Timing Is Everything: Lessons from the Mainframe and Today’s VMware Disruption
Broadcom’s Disruption Creates Opportunity — But Only for Those Who Move Fast
Back in 2009 and 2010, I took a full-time role as Director of Infrastructure at Integral Systems. It was a solid company with a mature product: payroll software for the IBM mainframe. The vision at the time was ambitious. Integral wanted to expand into hosting mainframe workloads for other customers. This wasn’t just a traditional ASP model. It was early thinking around IaaS and SaaS, a hybrid approach before either term had fully matured. The idea was to take the complexity of managing mainframes off customers’ plates and deliver SaaS-like benefits.
I had the opportunity to do some really interesting work. I put a mainframe on the floor of a colocation facility.
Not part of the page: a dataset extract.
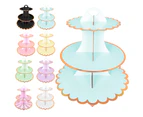 Colorfulstore 3-Layer Cupcake Dessert Paper Stand Display Rack Birthday Wedding Party Supplies-Green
That sounds simple, but colo pricing back then was often based on how many floor tiles your equipment used. Power was a secondary concern, even though a mainframe pulls a lot of it. That experience gave me a crash course in z/OS and high-end infrastructure.
Despite the excitement, we missed the market. The timing was off. By the time we had a real offering, most customers that wanted to get off mainframes had already moved. They had replatformed to x86 or modernized their applications. The remaining customers had already committed to running their own mainframes. There just wasn't enough of a market left.
That story keeps coming back to me as I watch the Broadcom acquisition of VMware unfold. Broadcom owns CA, the legacy mainframe software vendor, and they are now reshaping VMware in a similar fashion. Their licensing and pricing changes have made it significantly harder for small organizations and service providers to justify using VMware Cloud Foundation. The economics just don’t work for everyone anymore.
Now, the ecosystem is reacting. There is a rush to find alternatives. Not because customers are eager to abandon VMware, but because they are being forced to evaluate the cost of staying. In most cases, they want to keep the VMware experience but at a lower price point. They are not looking for radical transformation. They want continuity with less financial pressure.
This creates an opportunity for managed service providers. Customers are looking for partners that can deliver VMware-like services without the new Broadcom pricing model. That might mean using vSphere alternatives like OpenStack or Proxmox. It might mean using another platform entirely. The technical shift is manageable. The real challenge is operational. Customers worry about governance, automation, tooling, and retraining staff.
But timing is critical. Just like we were late to market with hosted mainframes, MSPs that are not already moving to solve this VMware disruption may also be too late. Customers are actively making decisions now. Once they pick a direction, they are not going to look back for a long time.
This moment is not just about choosing between VMware and something else. It is about the broader opportunity to deliver infrastructure as a managed service. Enterprises want simplicity, control over costs, and reliability. They are not looking to become infrastructure experts again.
If you are an MSP, now is the time to act. Don't build for the market as it existed three years ago. Don't wait for perfect platforms. Focus on solving problems that customers are facing today. Otherwise, you might have a great solution that simply showed up too late.